The Blackstone Group is preparing what will be the largest securitization of “transitional” commercial property since the financial crisis
The deal, BXMT 2017-FL1 weighs in at $1 billion, or more than twice the size of most other commercial real estate collateralized loan obligations issued post-crisis.
Its size is not only thing that sets it apart, however.
Unlike any other type of commercial real estate securitization, including CRE CLOs and CMBS, BXMT 2017-FL1 provides the sponsor the ability to meaningfully modify up to 10 loans in its portfolio, even if they are performing. These modifications can take the form of, among other things, an increase in loan balance, modification of loan maturity dates, and the reduction of loan coupons, according to Kroll Bond Rating Agency, which is rating the deal.
“This feature provides the sponsor the ability to actively manage the loan collateral in a manner that is similar to their asset management strategy of balance-sheet loans,” the presale report states.
While that flexibility may benefit Blackstone, the modifications may result in deterioration of loan-level and pool-level credit metrics, such as higher loan-to-value ratios, lower debt service coverage and debt yields, and longer loan terms.
Another usual features is that all by 31 loans in the collateral pool are equally sized and are non-controlling interests, or “participations” in larger loans.

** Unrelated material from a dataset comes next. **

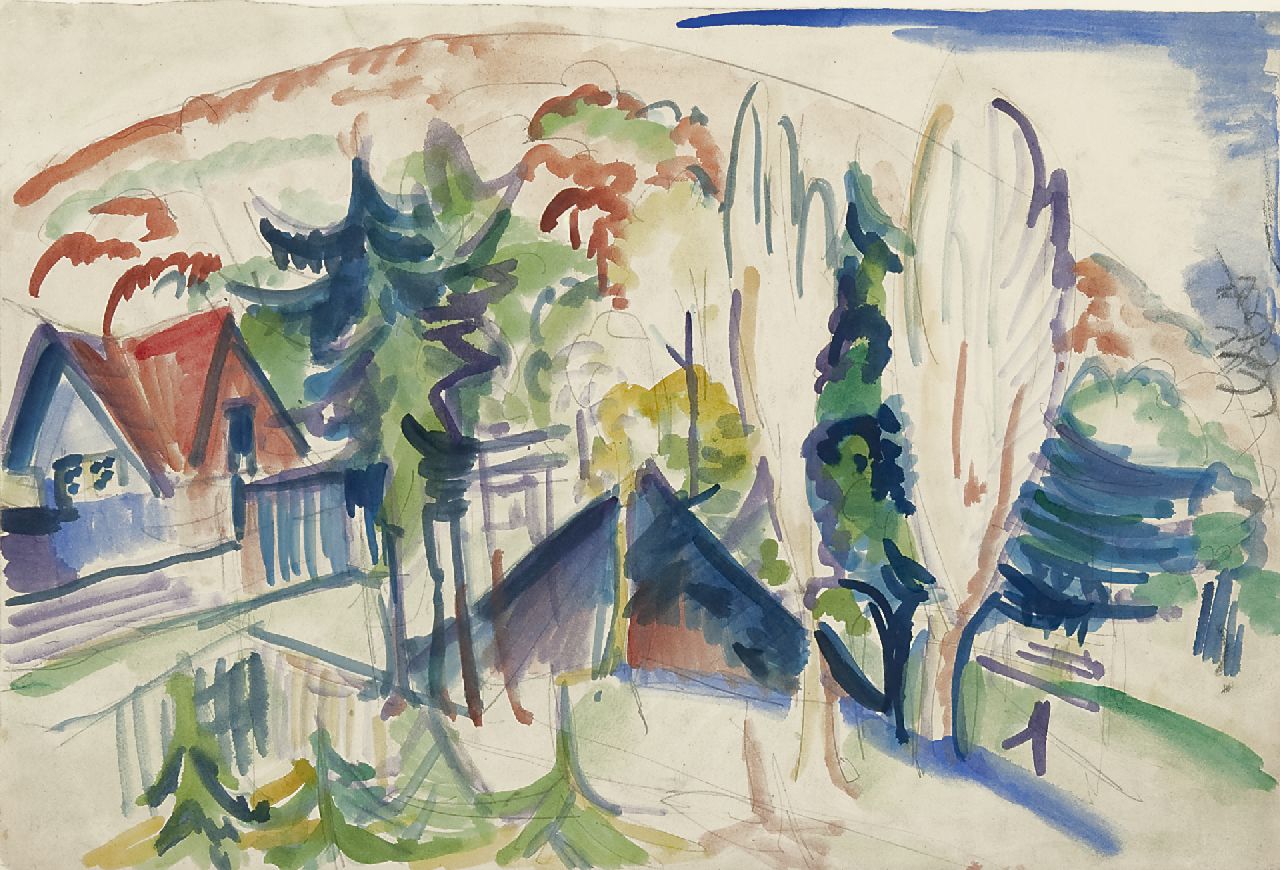 Kirchner E.L.  | Ernst Ludwig Kirchner, Dorp in het Taunusgebergte, potlood, krijt en aquarel op papier 38,3 x 56,6 cm, te dateren 1916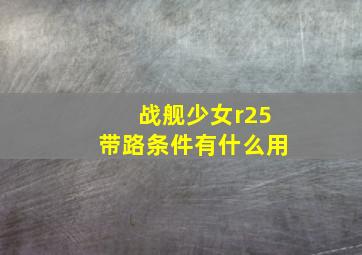 战舰少女r25带路条件有什么用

Though they are minority stakes, they rank “pari passu,” with an equal claim. By comparison, most CRE-CLOs hold a controlling interest, if not all, of a senior loan on a property, though these properties may be encumbered by additional debt held outside the trusts. In this case, Blackstone holds the remaining interests in these loans on its balance sheet.
All told, the loans are collateralized by 71 properties that are being fixed up for converted from one kind of use to another.
Kroll sees this significant “pari passu” exposure as a positive credit feature, since it creates an alignment of interest between Blackstone and investors in the CRE-CLO.
Another plus for Kroll is the fact that the properties backing loans in the portfolio are of higher overall quality than any other CRE CLO it has rated to date: The pool’s weighted average property score was 3.49. Four of the properties are nationally landmarked and are well known within their respective markets: Woolworth Tower (largest, 3.2%, Lower Manhattan), Chicago Board Of Trade (5th largest, 3.2%, Chicago), 275 Madison Avenue (4th largest, 3.2%, Midtown Manhattan) and Douglas Entrance (3.2%, Miami).
BXMT 2017-FL1 also has the ability to acquire additional participations in loans in the portfolio after the deal closes, but this is fairly standard for CRE-CLOs.
The majority of the loans (17 loans, 54.8%) were originated in 2017, while the remaining loans were originated in 2016 (10, 32.3%), 2015 (2, 6.5%), and 2014 (2, 6.5%).
Another way that Blackstone is pushing the envelope: The trust loan collateral is highly leveraged, with a weighted average in-trust loan-to-value ratio, as calculated by Kroll, 122.2%. That’s higher than the seven prior CRE CLO transactions Kroll has rated this year, where the average in-trust KLTV was 117.4%, and ranged from 112.0% to 121.8%.
Kroll expects to assign an AAA to the senior tranches of notes to be issued in the transaction.